BUDAPEST (Reuters) - A senior politician in Hungary’s ruling Fidesz party is under pressure from the opposition to withdraw his candidacy in April elections after newspaper reports on his role in a murky 2013 deal involving billions of euros to be invested in Hungarian bonds.
The reports have stirred up more trouble for Prime Minister Viktor Orban’s right-wing Fidesz party, which is seeking a third consecutive term in office in the parliamentary elections on April 8.
Legal documents published in the daily Magyar Nemzet appear to show that Fidesz’s Lajos Kosa, a minister without portfolio in Orban’s government, was commissioned by an unnamed investor who came to him in January 2013 for advice on how to invest 4.35 billion euros ($5.4 billion) to put the money in Hungarian bonds.
That is equivalent to more than half the 2.4 trillion forints (7.7 billion euros) worth of bonds the government debt agency AKK plans to sell in 2018.
On Wednesday, the same newspaper reported that in a separate document later in 2013 Kosa agreed with the same investor that his mother would accept 2.6 million euros as a gift. It was not clear whether the money was actually transferred to her bank account.
Reuters was not able to verify the authenticity of the document, and Kosa was not immediately available to comment.
A Fidesz spokesman has not replied to Reuters questions.
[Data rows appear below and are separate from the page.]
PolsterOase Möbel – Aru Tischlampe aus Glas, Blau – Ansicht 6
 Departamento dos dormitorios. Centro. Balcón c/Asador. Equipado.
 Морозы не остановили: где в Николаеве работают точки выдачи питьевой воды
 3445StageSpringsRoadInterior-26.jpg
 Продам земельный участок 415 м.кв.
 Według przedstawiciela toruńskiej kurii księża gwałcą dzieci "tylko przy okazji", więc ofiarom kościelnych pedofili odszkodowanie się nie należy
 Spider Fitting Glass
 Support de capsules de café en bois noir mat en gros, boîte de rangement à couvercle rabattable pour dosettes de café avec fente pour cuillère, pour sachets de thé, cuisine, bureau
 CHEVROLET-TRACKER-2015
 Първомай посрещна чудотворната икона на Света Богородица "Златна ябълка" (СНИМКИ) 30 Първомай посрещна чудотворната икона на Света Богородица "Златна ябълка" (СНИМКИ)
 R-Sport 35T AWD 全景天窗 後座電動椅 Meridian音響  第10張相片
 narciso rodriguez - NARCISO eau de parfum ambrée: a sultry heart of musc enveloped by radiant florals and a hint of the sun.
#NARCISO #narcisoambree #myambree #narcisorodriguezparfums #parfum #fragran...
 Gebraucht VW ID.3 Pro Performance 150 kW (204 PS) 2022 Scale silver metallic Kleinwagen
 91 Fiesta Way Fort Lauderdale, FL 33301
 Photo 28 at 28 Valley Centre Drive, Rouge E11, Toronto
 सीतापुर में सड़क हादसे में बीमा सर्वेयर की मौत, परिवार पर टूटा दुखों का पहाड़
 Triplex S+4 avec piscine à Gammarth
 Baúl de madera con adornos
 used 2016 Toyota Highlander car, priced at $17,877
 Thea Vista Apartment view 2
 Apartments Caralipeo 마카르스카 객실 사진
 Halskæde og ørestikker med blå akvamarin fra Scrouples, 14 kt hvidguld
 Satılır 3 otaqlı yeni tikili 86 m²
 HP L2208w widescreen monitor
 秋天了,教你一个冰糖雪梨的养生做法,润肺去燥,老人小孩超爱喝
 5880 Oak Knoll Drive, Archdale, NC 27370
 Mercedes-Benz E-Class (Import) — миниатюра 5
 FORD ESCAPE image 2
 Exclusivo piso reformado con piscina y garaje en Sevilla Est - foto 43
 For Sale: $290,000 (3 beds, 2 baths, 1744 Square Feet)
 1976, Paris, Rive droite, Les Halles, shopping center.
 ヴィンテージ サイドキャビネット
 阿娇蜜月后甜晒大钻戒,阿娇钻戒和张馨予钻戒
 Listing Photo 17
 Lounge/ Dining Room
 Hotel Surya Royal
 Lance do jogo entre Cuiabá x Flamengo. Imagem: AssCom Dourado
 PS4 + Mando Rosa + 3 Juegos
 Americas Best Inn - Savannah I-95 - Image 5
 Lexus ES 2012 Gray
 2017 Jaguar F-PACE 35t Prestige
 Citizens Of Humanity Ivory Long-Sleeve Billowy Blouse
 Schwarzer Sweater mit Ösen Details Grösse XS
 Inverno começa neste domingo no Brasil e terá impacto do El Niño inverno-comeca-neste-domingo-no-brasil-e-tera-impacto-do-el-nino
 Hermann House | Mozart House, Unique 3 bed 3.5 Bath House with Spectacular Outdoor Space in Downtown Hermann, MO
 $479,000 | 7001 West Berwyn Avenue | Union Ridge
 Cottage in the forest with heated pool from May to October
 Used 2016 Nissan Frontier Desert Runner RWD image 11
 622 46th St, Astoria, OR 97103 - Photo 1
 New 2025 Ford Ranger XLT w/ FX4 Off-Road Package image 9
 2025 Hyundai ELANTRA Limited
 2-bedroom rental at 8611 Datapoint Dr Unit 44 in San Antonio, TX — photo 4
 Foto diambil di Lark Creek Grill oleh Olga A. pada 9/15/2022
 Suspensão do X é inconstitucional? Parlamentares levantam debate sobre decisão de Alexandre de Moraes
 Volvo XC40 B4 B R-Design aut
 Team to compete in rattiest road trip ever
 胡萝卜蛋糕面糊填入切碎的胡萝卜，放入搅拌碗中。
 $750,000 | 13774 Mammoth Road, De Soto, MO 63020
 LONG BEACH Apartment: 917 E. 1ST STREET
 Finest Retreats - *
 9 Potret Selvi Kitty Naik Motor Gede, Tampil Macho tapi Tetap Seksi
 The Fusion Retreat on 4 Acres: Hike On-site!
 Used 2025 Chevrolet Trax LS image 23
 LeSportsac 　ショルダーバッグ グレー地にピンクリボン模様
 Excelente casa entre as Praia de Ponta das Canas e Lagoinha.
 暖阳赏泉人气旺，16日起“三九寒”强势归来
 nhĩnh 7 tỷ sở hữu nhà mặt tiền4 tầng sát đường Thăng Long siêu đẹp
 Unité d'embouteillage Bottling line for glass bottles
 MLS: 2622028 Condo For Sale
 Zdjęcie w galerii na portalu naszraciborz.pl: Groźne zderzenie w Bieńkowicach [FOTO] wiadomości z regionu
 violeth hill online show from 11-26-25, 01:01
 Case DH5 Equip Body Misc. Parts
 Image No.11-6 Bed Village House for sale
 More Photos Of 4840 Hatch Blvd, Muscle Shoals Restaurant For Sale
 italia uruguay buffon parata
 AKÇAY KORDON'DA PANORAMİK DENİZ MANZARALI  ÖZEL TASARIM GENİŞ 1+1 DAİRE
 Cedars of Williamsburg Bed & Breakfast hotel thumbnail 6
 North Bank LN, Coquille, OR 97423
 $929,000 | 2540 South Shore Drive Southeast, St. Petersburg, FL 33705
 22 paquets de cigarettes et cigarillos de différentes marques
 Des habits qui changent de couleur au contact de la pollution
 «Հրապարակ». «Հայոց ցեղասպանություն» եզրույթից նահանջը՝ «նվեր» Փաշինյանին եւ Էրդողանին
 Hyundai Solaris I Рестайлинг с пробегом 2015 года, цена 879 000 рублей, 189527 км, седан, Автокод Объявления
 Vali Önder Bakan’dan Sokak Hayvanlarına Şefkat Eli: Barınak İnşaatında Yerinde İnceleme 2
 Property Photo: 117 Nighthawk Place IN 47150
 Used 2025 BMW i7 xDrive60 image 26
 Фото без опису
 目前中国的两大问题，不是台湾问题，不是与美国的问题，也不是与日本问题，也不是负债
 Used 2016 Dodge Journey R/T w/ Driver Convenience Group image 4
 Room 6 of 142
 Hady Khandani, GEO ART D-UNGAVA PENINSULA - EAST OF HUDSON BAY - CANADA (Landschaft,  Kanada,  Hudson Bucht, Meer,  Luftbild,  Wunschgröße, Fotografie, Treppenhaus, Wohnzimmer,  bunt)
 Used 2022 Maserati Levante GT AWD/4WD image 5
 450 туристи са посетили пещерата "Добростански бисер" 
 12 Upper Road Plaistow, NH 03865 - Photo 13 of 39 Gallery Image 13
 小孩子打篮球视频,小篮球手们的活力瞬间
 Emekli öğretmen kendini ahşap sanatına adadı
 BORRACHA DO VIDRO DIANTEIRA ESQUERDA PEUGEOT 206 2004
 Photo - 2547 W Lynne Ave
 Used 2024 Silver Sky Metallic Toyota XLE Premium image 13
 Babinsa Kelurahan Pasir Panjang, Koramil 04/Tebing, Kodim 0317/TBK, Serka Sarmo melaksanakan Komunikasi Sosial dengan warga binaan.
In a reply to questions, the government press office referred to Kosa’s comments on Wednesday in which he said he would initiate police proceedings against the woman who Kosa said “carried out a series of frauds...and duped several people including me with a well-built story.”
Despite its domination of Hungarian politics, Fidesz has had its problems and electoral setbacks recently.
In January an investigation by the European Anti-Fraud Office revealed “serious irregularities” in projects co-financed by the European Union in Hungary and run by a company once co-owned by Orban’s son-in-law.
On Feb. 25, Fidesz unexpectedly lost a by-election to an opposition-backed independent.
Since then Orban has announced pre-election handouts to millions of families and pensioners in a bid to shore up support among voters.
The opposition Socialist party has called on Kosa to withdraw his candidacy in the election, in which he is seeking to be re-elected as a lawmaker in Debrecen, the second-biggest city in the country.
In a video posted on his Facebook page late on Tuesday, Kosa did not deny having signed a document about investing in the bonds. He said that in 2012 a Hungarian woman sought his advice on how best to invest her money, which she said she had inherited.
But Kosa said the investments never took place as the whole proposal turned out to be a scam.
“I never accepted a single penny, my conscience is clear ... and I believe today we already know this was a scam,” he said in the video. He has not yet reacted to the second document quoted by Magyar Nemzet on Wednesday.
The opposition Jobbik party is trying to set up a parliamentary committee to probe the matter, which they are calling “Kosa-gate.”